The majority of suspects were arrested in the United States, but 23 were arrested abroad. The states with the most arrests were California (37), Texas (29), New York (19), Florida (17), and New Mexico (11). States with destination theme parks and family-friendly attractions tend to be targets of predators because they usher through a high volume of children each year.
Ms. Bennett says that Homeland Security Investigations (HSI), the unit within ICE pursuing online predators, is now focusing on “victim-centered investigations,” in which the agency tries to track the identities of the victims first instead of predators. Each time an agent uncovers evidence, it is sent to the National Center for Missing & Exploited Children, a partner since last year, to see if it matches similar images from that database.
HSI also relies on advanced software to examine minute details of photos and videos, and it trains agents to understand the shifting behavior of predators.
“As technology gets better ... the bad guys are getting better in using technology to hide themselves. We have to be one step ahead,” says Bennett.

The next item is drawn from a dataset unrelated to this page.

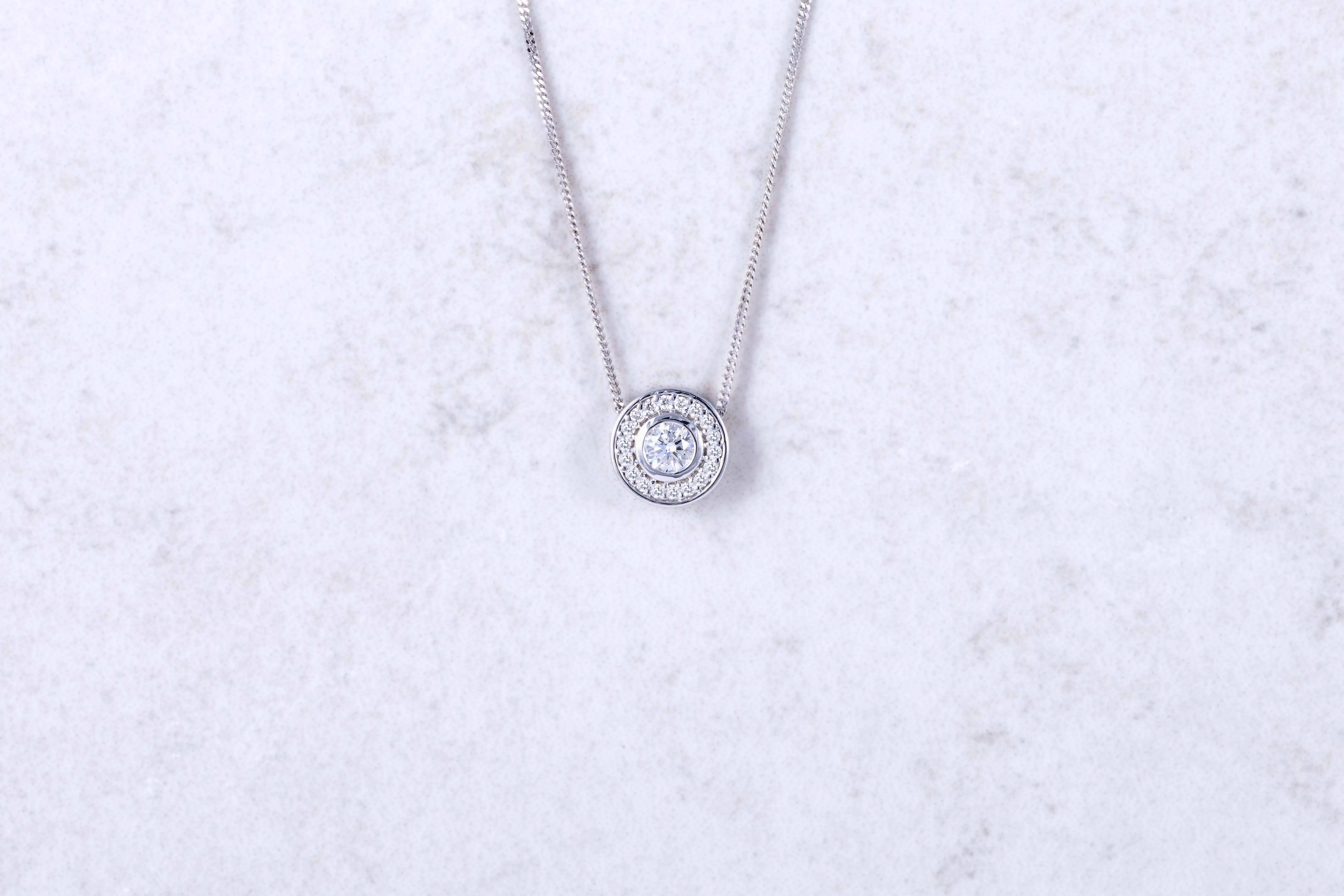 Halle Pendant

With each arrest, there can be setbacks. For example, the Los Angeles woman arrested, Letha Mae Montemayor, allegedly conducted activities with another adult who remains on the loose. Ms. Montemayor was linked to the photos through her unique tattoos that were registered into a database and were eventually identified by a tipster. The second adult – identified on his federal arrest warrant as “John Doe” – has evaded capture so far because he inserted a black dot over the images of his face, ICE says.